That’s not to say that The Sopranos isn’t manipulative; all drama is. It has involved us from the start in one simple conflict; it has built a huge edifice on a single hinge. It’s usual to say that the show is constructed on a kind of pun; it’s about a man who supports, and is supported by, two separate families, the one under his roof and the Mafia. That’s true, but the main point is that within both these sets of relationships Tony is capable of behaving either well or badly. He is unfaithful to his wife, almost automatically, but he loves her and values their marriage; he is proud of, and worries about, his children. A representative middle-class man, really. He is in denial about the mother who wanted to have him killed (here we get less representative) and is recklessly, even dangerously, indulgent of the senile uncle who plotted it with her; indeed, one of Uncle Junior’s dramatic functions is to make Tony look good. Professionally, Tony can be more compassionate than one expects of a mob-boss or every bit as brutal. He can feel shock and pity at the murder of a teenage stripper in a way that mystifies his associates; he can also cold-bloodedly engineer what is, by general consent, the most shocking event in the story so far, the killing of his nephew’s helpless stool-pigeon of a girlfriend. The writers even managed to up the ante on that the following week. “We haven’t really talked about Adriana” said Tony to Christopher. We anticipated some serious soul-searching, but it turned out they only wanted to discuss how to minimize the possible fall-out.

That’s a wonderfully light-fingered example of the serious way in which the show plays with our feelings. It’s a tantalising process; we like Tony, and we cling to any signs that he may be redeeming himself, only to have them dashed the next moment. And still we keep coming back for more. It was all pre-figured in the very first episode, when Tony’s wife Carmela said to him “the difference between us is that you’re going to Hell and I’m not.” That remark has echoed down the years (Carmela apologised for it a couple of seasons later) and it comes back, hauntingly, in the new series.

All of which suggests that Chase and his colleagues are working on a very large canvas indeed.
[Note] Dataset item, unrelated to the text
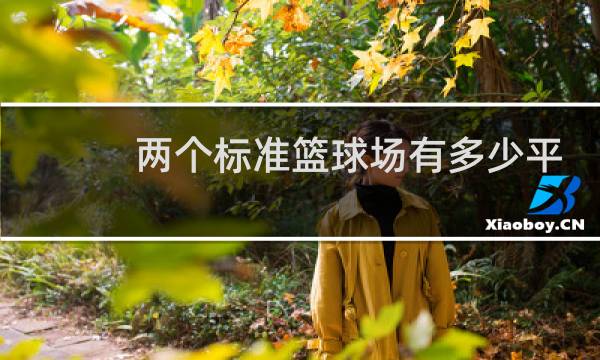 两个标准篮球场有多少平方图片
Successful TV series can go on for a long time, but few of them do more than add one similar set of incidents to another. In fact, before The Sopranos, I don’t know of any American show that did. I do know of some in Britain. Dennis Potter, Britain’s premier television playwright, realized after turning out dozens of one-off dramas, that he had a far more capacious vehicle to hand in the serial format, previously reserved for literary adaptations; the results were Pennies from Heaven and The Singing Detective. Alan Bleasdale wrote the uproarious, unruly GBH, a comic epic about local politics that kept throwing off new characters and sub-plots like a dog shakes off fleas. The fashion spread to more obviously popular forms; Between the Lines (shown over here as Inside the Line) was a series about police investigating other police, that managed to place individual stories within a developing narrative and was brilliant until it disappeared up its own plot-complexities. It also anticipated The Sopranos in its ruthlessness about killing off sympathetic characters. The Sopranos, though, has gone it one better by being the first crime-series not to be told from the point of view of the cops.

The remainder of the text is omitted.